--- Data segment ---
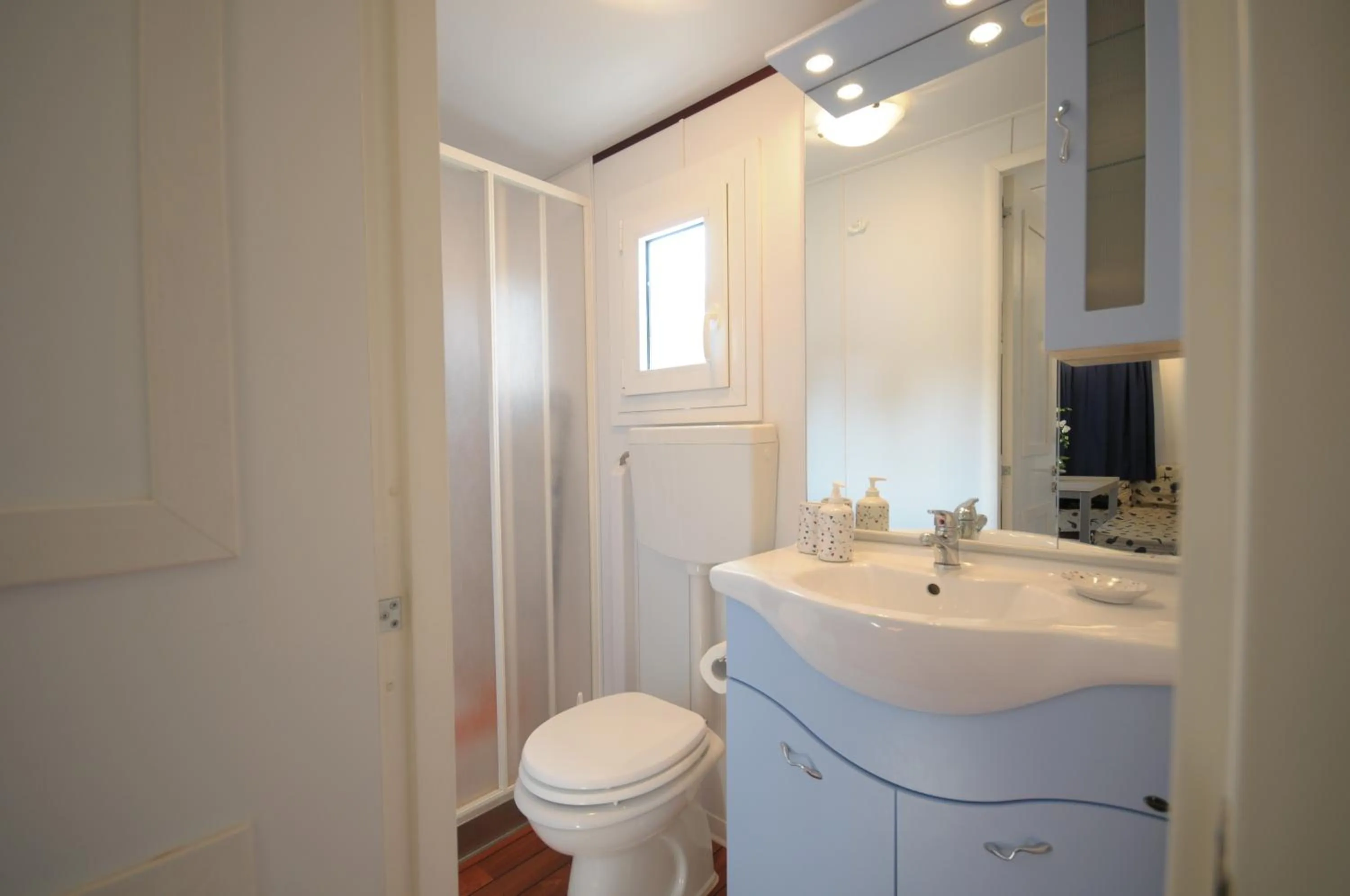 Bathroom in Club del Sole Vigna sul Mar Family Collection
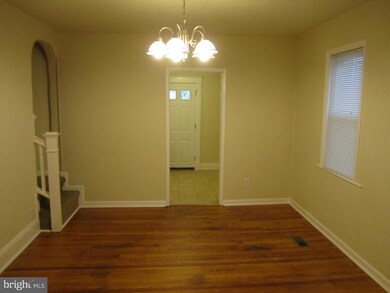 2912 Fleetwood Ave, Baltimore, MD 21214 - photo 3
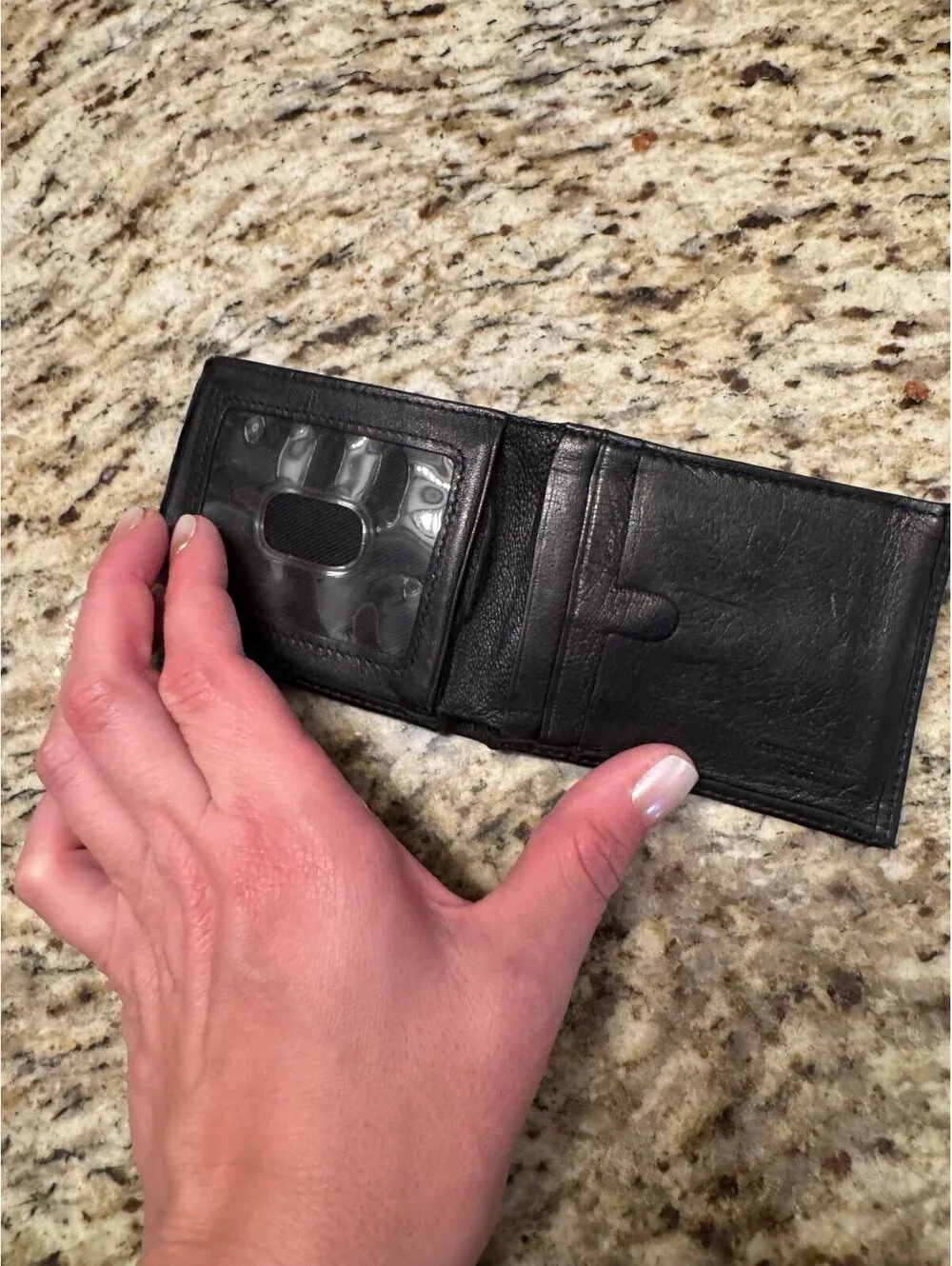 Fossil Front Pocket Minimalist Slim ID Wallet -Black Leather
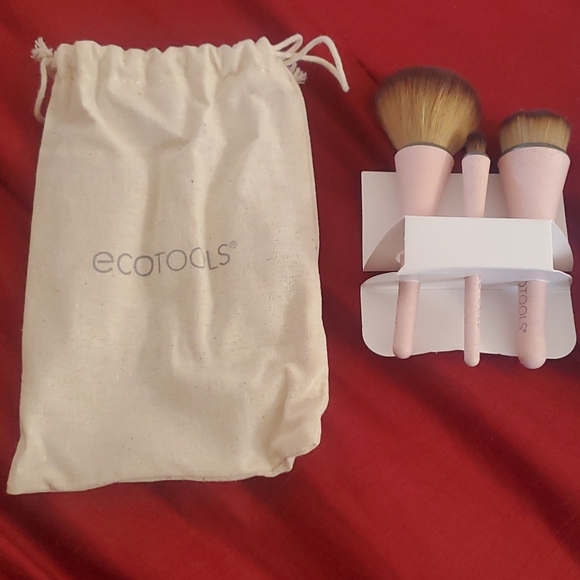 Ecotools make up brushes - Picture 4 of 6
---
■ Exercise goal ■
Reproduce the data above word for word and omit the images.

■ Answer box ■
 Bathroom in Club del Sole Vigna sul Mar Family Collection
 2912 Fleetwood Ave, Baltimore, MD 21214 - photo 3
 Fossil Front Pocket Minimalist Slim ID Wallet -Black Leather
 Ecotools make up brushes - Picture 4 of 6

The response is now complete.